Central to the Perantzada is its breezy breakfast room where antique dressers and chunky Sixties’ plastic tables continue the old/new juxtaposition. There are copies of Vogue for leafing through, but we’re straight out to gawp at the sun-drenched infinity pool, framed by vast French windows. Upstairs, we get a surprise. It’s beautifully airy and we soon twig why – the corridor to our room is carved into exposed rock and open to the elements, so looking up, we glimpse blue sky.
Like the Emelisse, all rooms here come with king-size doubles draped in designer linen and lots of upscale goodies such as iPod docks and Korres cosmetics. The added thrill of the Perantzada, though, is that each boudoir has a different look and feel, boasting high-end contemporary design from the likes of Philippe Starck. In this big-name design lottery we get Eames, specifically Eames iconic plastic armchairs and an industrial-chic interior (concrete floors, angular furniture and a vast white flatscreen that looks for all the world like a giant iMac) that wouldn’t look out of place at the HQ of a Soho advertising agency. Mr Smith groans – it feels like being back at work. That is until we draw back the shutters to reveal views of the shore from our private balcony. Beyond uniform terracotta roofs, Vathi’s sparkling bay hosts the odd chugging sailboat but there’s nothing more to shatter the silence. We couldn’t ask for a more peaceful location.
Nor could we ask for a friendlier welcome. It’s spring, so the hotel isn’t yet full but even in peak season, one suspects, the service would be every bit as personal. Once we’re installed by the pool, Steve is straight out offering to fix us a snack – à la carte, or off-menu – using whatever we might fancy from his fridge. I plump for a simple Greek salad and I swear it’s the freshest I’ve ever tasted – something to do with the context perhaps. Bottles of complimentary chilled wine are delivered discretely to our room – a little gesture to make us feel at home. At one point, Steve apologises that he has to pop out, leaving us the run of the place. It’s that kind of trusting, generous, mi casa es su casa kind of place. And it goes without saying that little Baby Smith is treated like one of the family.
More adventurous types may opt to explore one of several walking tracks in Ithaca’s verdant hills, but I’m afraid, what with the bambino, we don’t make it much further than nearby Filatro beach.
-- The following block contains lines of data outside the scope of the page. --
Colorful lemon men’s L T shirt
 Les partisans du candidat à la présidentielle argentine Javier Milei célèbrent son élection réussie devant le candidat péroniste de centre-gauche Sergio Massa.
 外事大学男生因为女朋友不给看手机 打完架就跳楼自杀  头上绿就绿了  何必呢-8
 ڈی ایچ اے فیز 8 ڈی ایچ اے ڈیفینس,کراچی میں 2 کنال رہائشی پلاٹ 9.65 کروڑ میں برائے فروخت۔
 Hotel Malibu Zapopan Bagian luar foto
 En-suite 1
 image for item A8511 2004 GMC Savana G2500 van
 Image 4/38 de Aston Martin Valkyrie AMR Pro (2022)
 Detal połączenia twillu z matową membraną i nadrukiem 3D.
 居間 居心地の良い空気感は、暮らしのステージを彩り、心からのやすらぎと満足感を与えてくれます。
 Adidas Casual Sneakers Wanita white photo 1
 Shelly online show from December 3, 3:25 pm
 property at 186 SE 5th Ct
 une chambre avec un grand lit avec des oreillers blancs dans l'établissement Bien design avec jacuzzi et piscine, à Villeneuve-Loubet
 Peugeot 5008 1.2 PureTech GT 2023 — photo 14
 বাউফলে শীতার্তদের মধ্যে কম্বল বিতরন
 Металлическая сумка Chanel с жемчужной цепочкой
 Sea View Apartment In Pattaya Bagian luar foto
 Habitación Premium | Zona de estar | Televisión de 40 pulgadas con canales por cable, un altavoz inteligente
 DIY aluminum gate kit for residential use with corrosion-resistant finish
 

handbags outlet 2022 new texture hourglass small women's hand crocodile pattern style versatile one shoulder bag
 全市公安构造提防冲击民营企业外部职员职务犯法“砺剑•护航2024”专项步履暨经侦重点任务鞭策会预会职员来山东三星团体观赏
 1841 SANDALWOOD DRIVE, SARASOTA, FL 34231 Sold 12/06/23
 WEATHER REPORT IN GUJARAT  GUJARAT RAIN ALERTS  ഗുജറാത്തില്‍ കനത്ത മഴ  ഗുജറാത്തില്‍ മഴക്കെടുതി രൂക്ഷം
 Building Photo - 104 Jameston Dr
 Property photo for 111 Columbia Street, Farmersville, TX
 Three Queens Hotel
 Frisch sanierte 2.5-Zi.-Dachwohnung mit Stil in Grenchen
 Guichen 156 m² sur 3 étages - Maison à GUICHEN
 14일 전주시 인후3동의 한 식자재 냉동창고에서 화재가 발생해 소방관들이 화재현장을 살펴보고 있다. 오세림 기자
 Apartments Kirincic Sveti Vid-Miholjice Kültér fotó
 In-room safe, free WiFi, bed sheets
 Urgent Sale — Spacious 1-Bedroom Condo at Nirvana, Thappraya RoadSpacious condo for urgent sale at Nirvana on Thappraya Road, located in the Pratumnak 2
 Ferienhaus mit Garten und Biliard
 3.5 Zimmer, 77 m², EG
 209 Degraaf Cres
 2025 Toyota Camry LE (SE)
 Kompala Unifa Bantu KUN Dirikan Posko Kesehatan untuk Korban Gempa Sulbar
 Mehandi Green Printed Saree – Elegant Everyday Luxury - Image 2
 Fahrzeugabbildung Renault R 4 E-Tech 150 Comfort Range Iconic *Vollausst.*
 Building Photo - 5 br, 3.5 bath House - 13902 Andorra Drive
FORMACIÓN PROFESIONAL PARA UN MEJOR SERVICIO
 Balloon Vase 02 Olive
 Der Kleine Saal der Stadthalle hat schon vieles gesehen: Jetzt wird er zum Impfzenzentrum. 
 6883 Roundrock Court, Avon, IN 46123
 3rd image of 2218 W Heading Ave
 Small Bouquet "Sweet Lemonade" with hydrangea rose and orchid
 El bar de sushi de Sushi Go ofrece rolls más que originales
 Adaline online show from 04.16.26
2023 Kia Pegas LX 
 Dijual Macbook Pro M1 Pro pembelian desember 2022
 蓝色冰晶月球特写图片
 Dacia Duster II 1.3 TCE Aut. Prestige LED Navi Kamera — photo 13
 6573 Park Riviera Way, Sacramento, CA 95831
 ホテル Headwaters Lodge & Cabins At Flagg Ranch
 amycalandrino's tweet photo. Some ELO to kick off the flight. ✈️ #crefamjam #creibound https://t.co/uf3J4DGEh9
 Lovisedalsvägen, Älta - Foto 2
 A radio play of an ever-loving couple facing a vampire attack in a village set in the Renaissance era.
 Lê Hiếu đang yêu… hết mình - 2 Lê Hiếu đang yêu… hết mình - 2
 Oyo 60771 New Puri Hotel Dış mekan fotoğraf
And why would we? Much like the Perantzada, Fliatro is small but perfectly formed, a little shingle beach backed by shady trees and lapped by turquoise water. Apart from the odd snorkeler, we’ve the place to ourselves. Where to eat? For lunch, try Vitha’s trendy waterfront ouzerie Pinakothiki, where mezedes of dolmades or deep-fried, almost tempura-like, aubergine are perfectly portioned (ask Fotini for directions as the sign’s in Greek). By night we like Nicos, just off the square, for pita gyros and people-watching.
And it’s at night that the Perantzada really comes alive. Returning after dinner, the floodlit mansion is accented by different colours from each room so that bright blues and reds shine from alternate windows. In summer, Fotini runs magical-sounding supperclubs, here overlooking the lantern-lit pool. Judging by the addictive homemade cakes that form part of her breakfast spread, these might be worth a return trip alone. And there will be a return we concur as we give Baby Smith one last dip in the Perantzada’s pool. After all, his mum and dad know where to find it now.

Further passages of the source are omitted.